My slight unease with the age gap is making me rethink my desire for older boyfriends too. Cultural conditioning, blah blah blah. Socially acceptability, blah blah blah. But, as someone who spends such a huge portion of her time thinking and writing about gender and equality, it comes as a surprise to find that I’ve never stopped to consider the power dynamics of my oldie fetish. 

During my time with the father-of-two, I used to spout ‘age is just a number’ a lot, but it was obviously so much more than just a number – he had more money than me, he had a business, all of his friends were older, he didn’t like it when I partied hardcore, he had blimmin children for crying out loud. And part of what attracted me to him, undoubtedly, was how well informed he was on so many topics, and the sophistication of his politics compared to my own. I learned from him, and I liked that. Did he learn from me? Honestly - probably not. He was getting something else: he got the pleasure of teaching, and, although neither of us would’ve thought of it like this, he undoubtedly got a social prize – a hot young thing.
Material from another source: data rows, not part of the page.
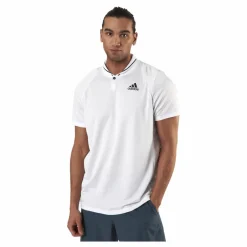 adidas Tennis Club Rib Polo White Vit Discount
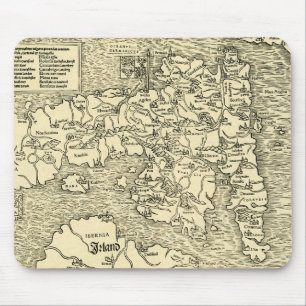 Alfombrilla De Ratón Mapa de Inglaterra en Ptolomeo 's Geographia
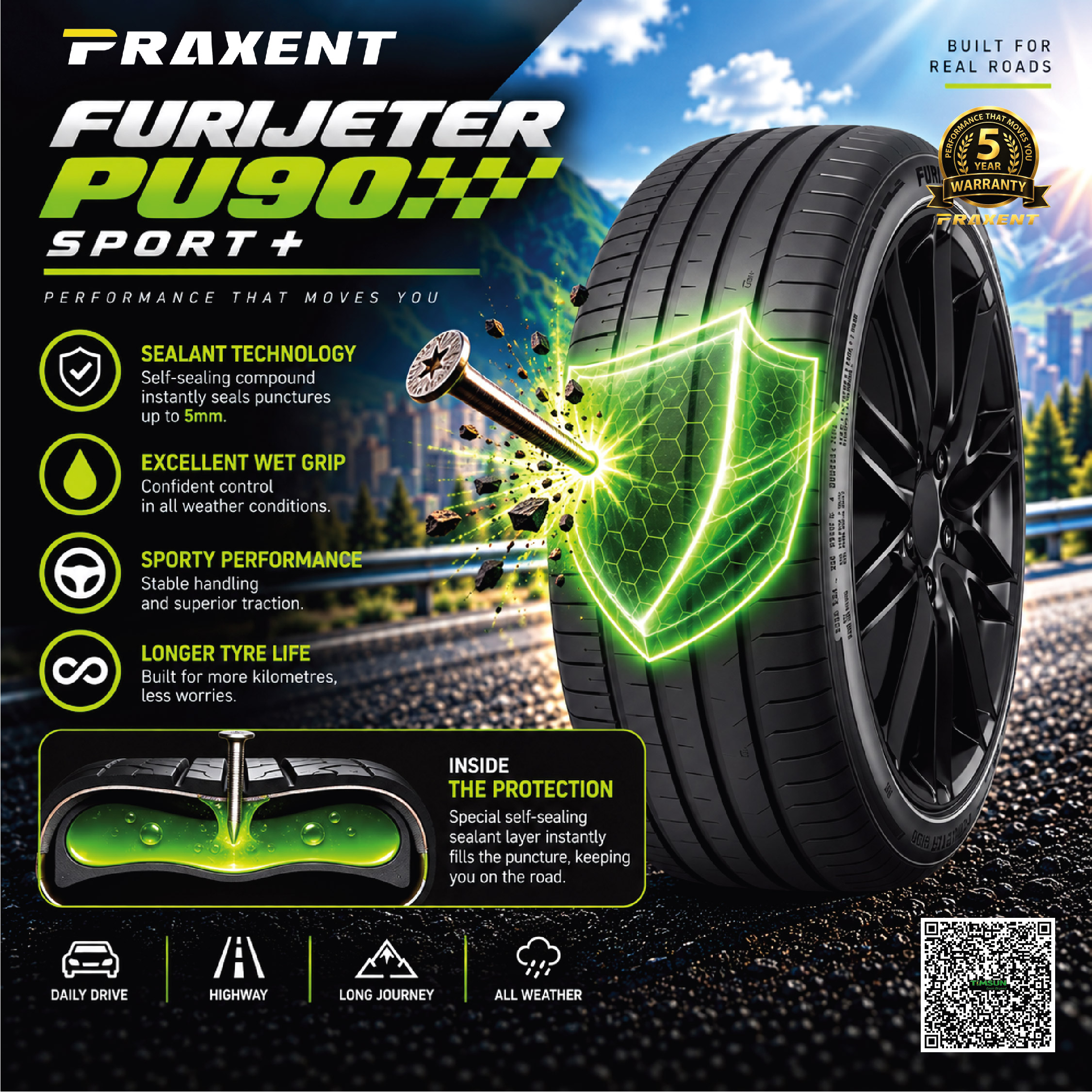 PRAXENT Furijeter PU90 S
The power balance upheld by the social norm for women to date older dudes is obvious, and the scorn heaped on the ‘cougars’ who go the other way helps to strengthen it. As a woman who’s engaging in some mild cougarishness for the first time, I have to say that there’s a lot to be learned about intimacy and gender politics from flipping the age coin. That’s right: I’m shagging the 23-year-old for feminism.